AI in the Somaliland Rainforest
AI in the Somaliland Rainforest: Server Configuration
This article details the server configuration deployed to support the "AI in the Somaliland Rainforest" project. This project utilizes artificial intelligence for real-time biodiversity monitoring and analysis within the unique ecosystem of the Somaliland rainforest. This guide is intended for newcomers to our MediaWiki platform and provides a technical overview of the underlying infrastructure. Careful planning and robust hardware were crucial for handling the data volume and computational demands.
Project Overview
The "AI in the Somaliland Rainforest" project involves a network of remote sensors (primarily audio and visual) capturing data 24/7. This data is streamed to our central servers where machine learning algorithms process it to identify species, track population movements, and detect potential threats like deforestation or poaching. The system requires high bandwidth, significant storage capacity, and substantial processing power. The Data Acquisition System is a key component, and its outputs feed directly into the server infrastructure. See also Project Goals and Data Security Protocols.
Server Architecture
Our server architecture is a hybrid model, utilizing both on-premise hardware for low-latency processing and cloud resources for scalability and long-term storage. The core on-premise servers are located in a secure, climate-controlled facility in Hargeisa, Somaliland. This is to minimize latency for the real-time analysis. Cloud integration is handled through Amazon Web Services. A detailed network diagram is available at Network Topology. The system employs a distributed processing model, leveraging Apache Spark for data analysis.
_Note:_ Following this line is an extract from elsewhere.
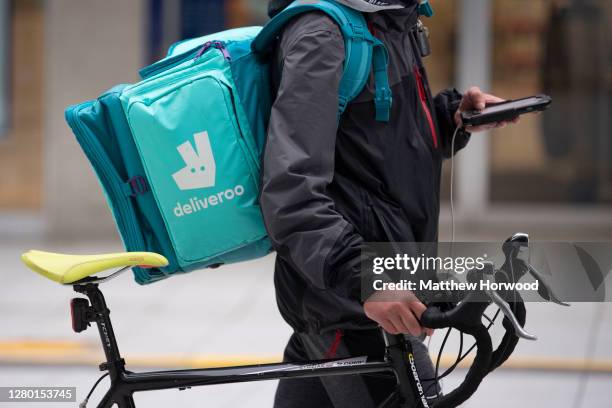 Deliveroo rider at work on July 9, 2020 in Cardiff, Wales.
On-Premise Server Specifications
The following table details the specifications of the primary on-premise servers:
Server Role | CPU | RAM | Storage | Network Interface |
---|---|---|---|---|
Data Ingestion Server (x2) | Intel Xeon Gold 6248R (24 cores) | 128 GB DDR4 ECC | 2 x 4TB NVMe SSD (RAID 1) | 10 Gbps Ethernet |
Processing Server (x3) | AMD EPYC 7763 (64 cores) | 256 GB DDR4 ECC | 4 x 8TB SAS HDD (RAID 5) + 1TB NVMe SSD (Cache) | 25 Gbps Ethernet |
Database Server (x1) | Intel Xeon Silver 4310 (12 cores) | 64 GB DDR4 ECC | 8 x 4TB SAS HDD (RAID 6) | 10 Gbps Ethernet |
Monitoring Server (x1) | Intel Core i7-10700K (8 cores) | 32 GB DDR4 | 1TB NVMe SSD | 1 Gbps Ethernet |
These servers run Ubuntu Server 22.04 LTS with customized kernels optimized for the workload. Regular System Backups are performed to ensure data integrity. We also utilize Intrusion Detection Systems to protect the servers.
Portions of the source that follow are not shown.